* _RECORD EXTRACTS_:
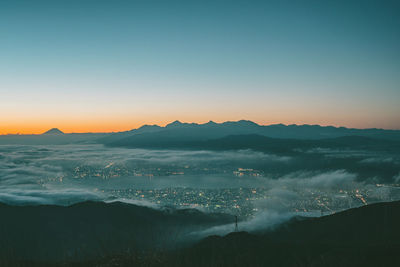 Scenic view of sea against sky during sunset
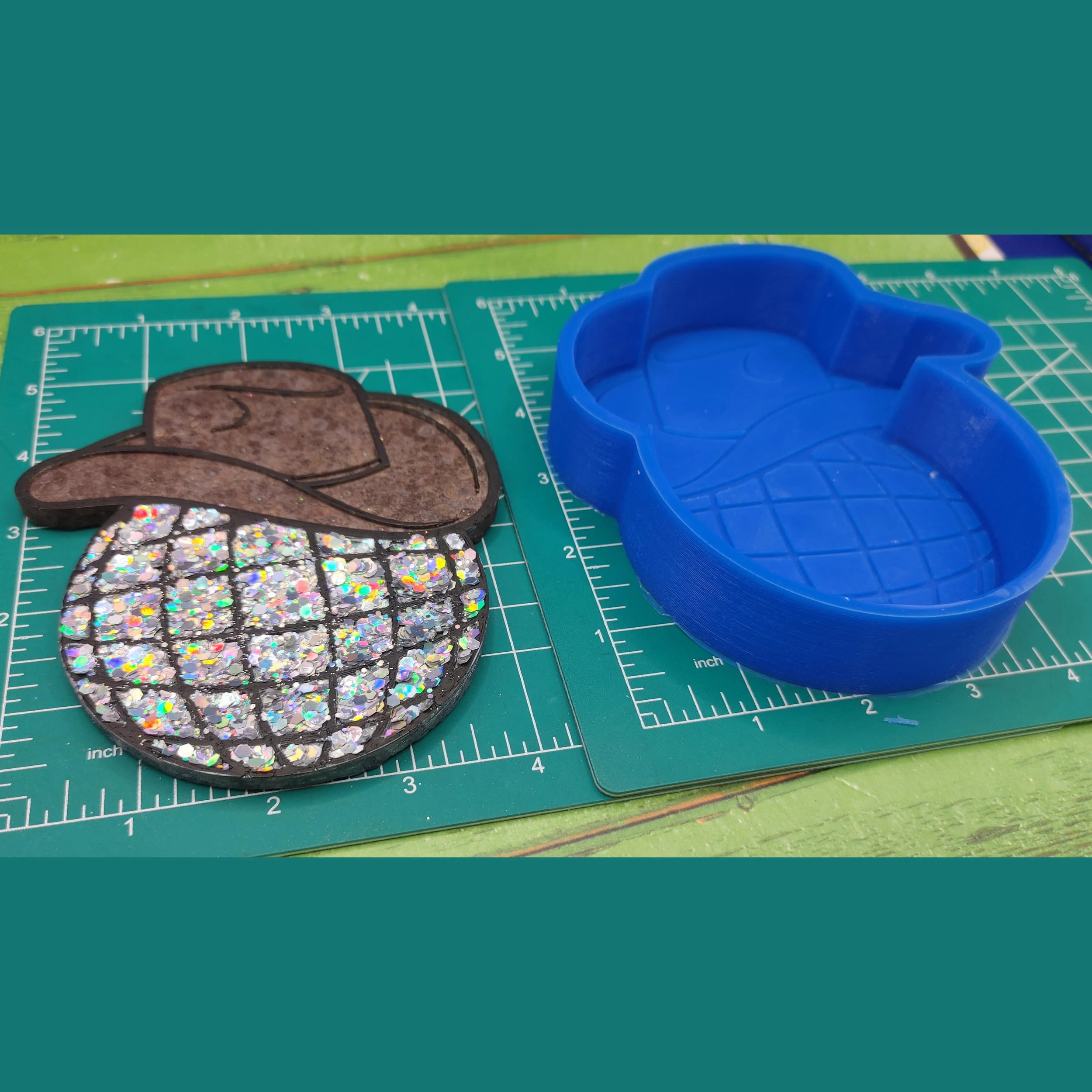 Disco Ball with Cowboy Hat Silicone Freshie Mold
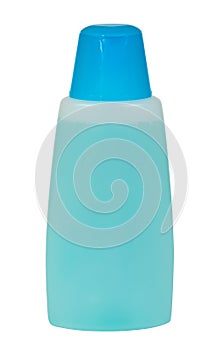 Blue shampoo bottle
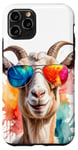 Coque pour iPhone 11 Pro Chèvre Lunettes De Soleil Coloré Drôles Animaux Imprimé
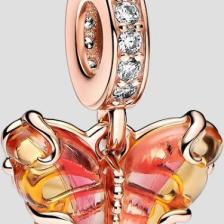 Hector Co Jewellery Tarz Pembe ve Sarı Murano Camı Kelebek Sallantılı Charm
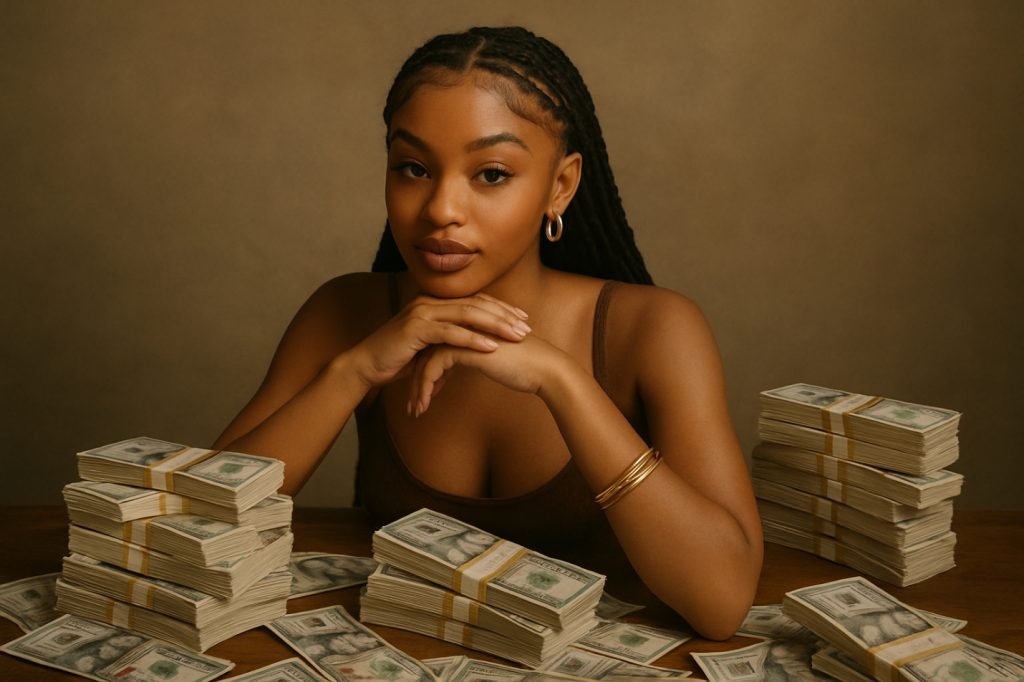 Tyla Net Worth: How Much the ‘Water’ Singer Really Earns in 2025 Tyla sitting behind piles of cash, representing her net worth in 2025.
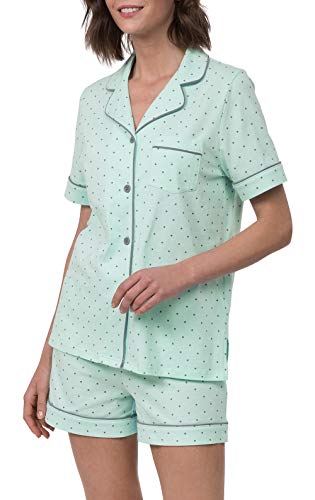 Pajamagram Pajama Set For Women - Short Sleeve Pajamas For Women, Mint, M, 10-12 #TOP13
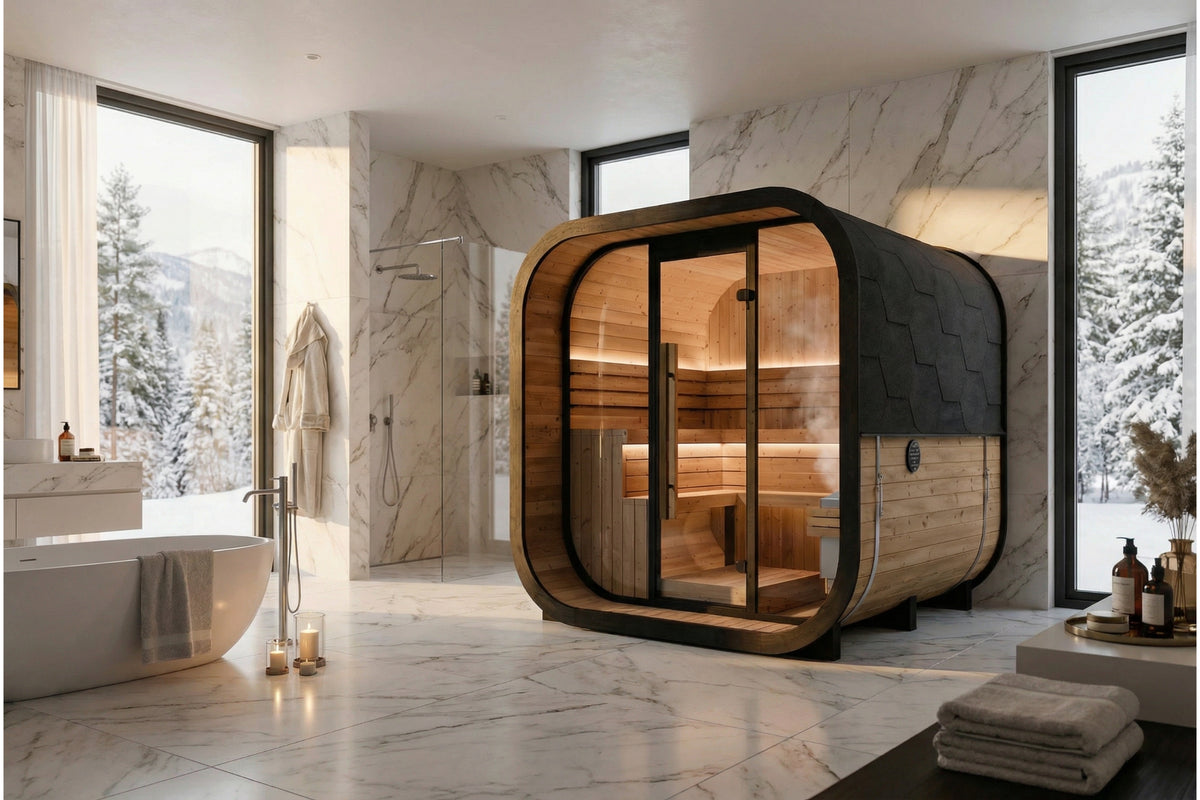 Valencia Haven 4-6 Person Outdoor Sauna in a modern wellness room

* _DESCRIPTION OF THE TASK_:
An exact, picture-free copy of the listing above is the goal; write it out now.

* _WRITTEN ANSWER_:
 Scenic view of sea against sky during sunset
 Disco Ball with Cowboy Hat Silicone Freshie Mold
 Blue shampoo bottle
 Coque pour iPhone 11 Pro Chèvre Lunettes De Soleil Coloré Drôles Animaux Imprimé
 Hector Co Jewellery Tarz Pembe ve Sarı Murano Camı Kelebek Sallantılı Charm
 Tyla Net Worth: How Much the ‘Water’ Singer Really Earns in 2025 Tyla sitting behind piles of cash, representing her net worth in 2025.
 Pajamagram Pajama Set For Women - Short Sleeve Pajamas For Women, Mint, M, 10-12 #TOP13
 Valencia Haven 4-6 Person Outdoor Sauna in a modern wellness room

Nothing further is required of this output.